Plaintiff's complaint cites 29 U.S.C. § 701 et seq. for his FMLA claim, and not § 2601 et seq.
II. LEGAL STANDARD
In evaluating a Rule 12(b)(6) motion, all allegations in the complaint and all reasonable inferences that can be drawn therefrom must be accepted as true and viewed in the light most favorable to the nonmoving party. DeBenedictis v. Merrill Lynch Co., Inc., 492 F.3d 209, 215 (3d Cir. 2007) (citations omitted). The court may dismiss a complaint "only if it is certain that no relief could be granted under any set of facts that could be proved consistent with the allegations." Brown v. Card Service Center, 464 F.3d 450, 456 (3d Cir. 2006) (citing Hishon v. King Spalding, 467 U.S. 69, 73 (1984)). A court need not, however, credit a plaintiff's "bald assertions" or "legal conclusions." DeBenedictis, 492 F.3d at 215. "The issue is not whether [the claimant] will ultimately prevail but whether the claimant is entitled to offer evidence to support the claims." Register v. PNC Fin. Serv. Group, Inc., 477 F.3d 56, 61 (3d Cir. 2007) (citations omitted).
III. DISCUSSION
A. Exhaustion of Administrative Remedies
A federal employee bringing a civil action in federal court under the Rehabilitation Act of 1973 "must exhaust the administrative process prior to bringing suit." Freed v. Consolidated Rail Corp., 201 F.3d 188, 191 (3d Cir. 2000). The FMLA, which is the basis for one of plaintiff's claims, does not require pursuit of administrative remedies before a plaintiff may file a compliant in federal court. Churchill v. Star Enterprises, 183 F.3d 184, 190 (3d Cir. 1999).
Defendants argue plaintiff failed to exhaust his remedies under 29 C.F.R. § 1614.504(a), which states: if a "complainant believes that the agency has failed to comply with the terms of the settlement agreement or decision," then he must inform the agency's EEO Director of the noncompliance within 30 days "of when the complainant knew or should have known of the alleged noncompliance." § 1614.504(a) (emphasis added). If the plaintiff fails to comply with this procedure, the federal court will be deprived of subject matter jurisdiction "over any claims involving a settlement agreement with a federal agency." Herron v. Veneman, 305 F. Supp. 2d 64, 71 (D.D.C. 2004).

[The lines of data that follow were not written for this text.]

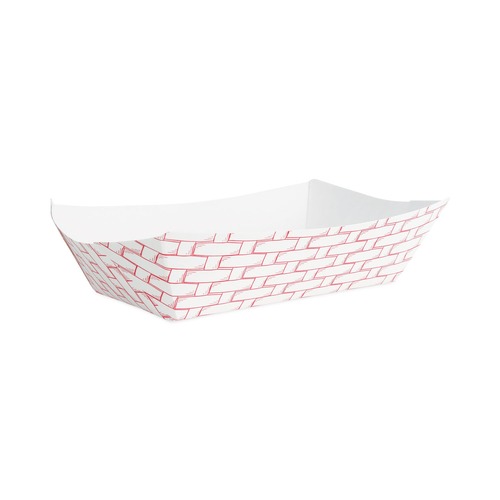 Food Trays, Containers, and Lids | Boardwalk BWK30LAG500 5 lbs. Capacity Paper Food Baskets - Red/White (500/Carton) image number 0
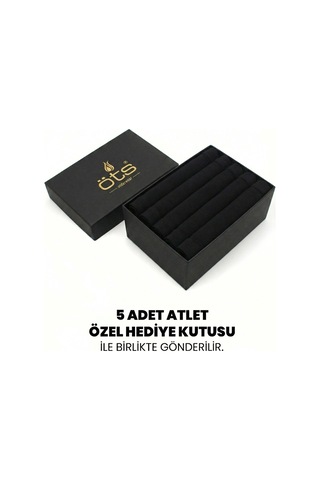 Öts Premium Erkek 5 Li %100 Pamuk Atlet Süprem Hediye Kutulu Nefes Alan Doku 1210-k Siyah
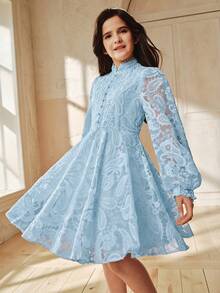Anewsta Girls' Elegant 3D Lace A-Line Dress, Suitable For Children's Banquet, Birthday Party And Other Occasions, Spring/Summer - Blue - View 2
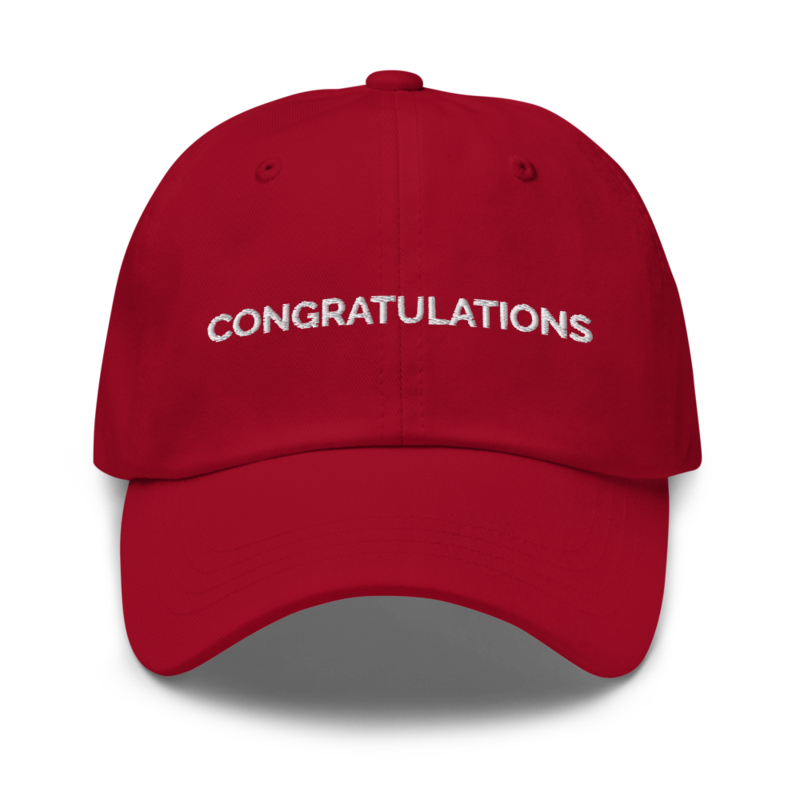Congratulations Hat - Cranberry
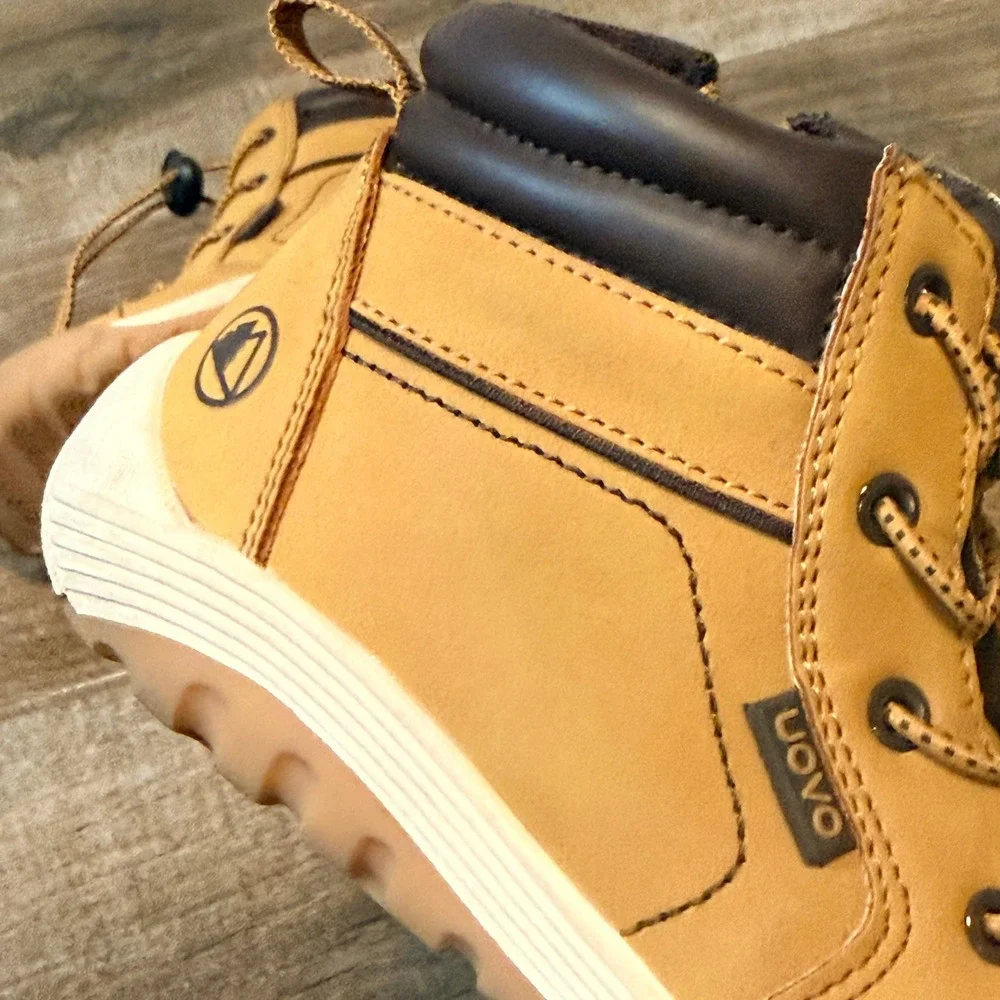 UOVO Kids High Top Side Zip Water-Resitant Hiking Boots,‎ Tan, 31/ 12.5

It appears defendants believe plaintiff's FMLA claim falls within § 1614.504(a) because defendants requested the dismissal of the entire complaint due to plaintiff's failure to exhaust his claims. Plaintiff was not required to exhaust administrative remedies for his FMLA claim and the defendants provide no other reason to dismiss the FMLA claim. Accordingly, I will treat defendants' motion as addressing only the Rehabilitation Act and accommodation claims.
Section 1614.504(a) is inapplicable here because its administrative requirements are limited to situations where plaintiffs allege noncompliance with a settlement agreement or a final agency action. Here, plaintiff is bringing his claims anew to federal court and seeking damages, and therefore, § 1614.302(d) controls.
Defendants informed plaintiff on March 2, 2007 that his case was a "mixed case complaint," as defined in § 1614.302(a), because it was also appealable to the Merit Systems Protection Board ("MSPB"). See Letter from Tracey Banks, Branch Manager, Agency Wide Shared Services, EEO and Diversity Field Services, to David Berman, Counsel to Plaintiff (March 2, 2007). Because this is a mixed case complaint, § 1614.302(d) governs the procedure for agency processing. Section 1614.302(d)(3) states that when the agency issues its final decision, it "shall advise the complainant of the right to appeal the matter to the MSPB (not EEOC) within 30 days of receipt and of the right to file a civil action as provided at § 1614.310(a)." 29 C.F.R. § 1614.302(d)(3). Section 1614.310(a) states that a complainant may file a civil action in "an appropriate United States District Court" within 30 days "of receipt of a final decision issued by an agency on a complaint unless an appeal is filed with the MSPB." 29 C.F.R. § 1614.310(a). Thus, a plaintiff in a mixed case complaint can either appeal the final agency action to the MSPB or file suit in federal court. Wells v. Shalala, 228 F.3d 1137, 1143 (10th Cir. 2000); Quinn v. West, 140 F. Supp. 2d 725, 734 (W.D. Tex. 2001).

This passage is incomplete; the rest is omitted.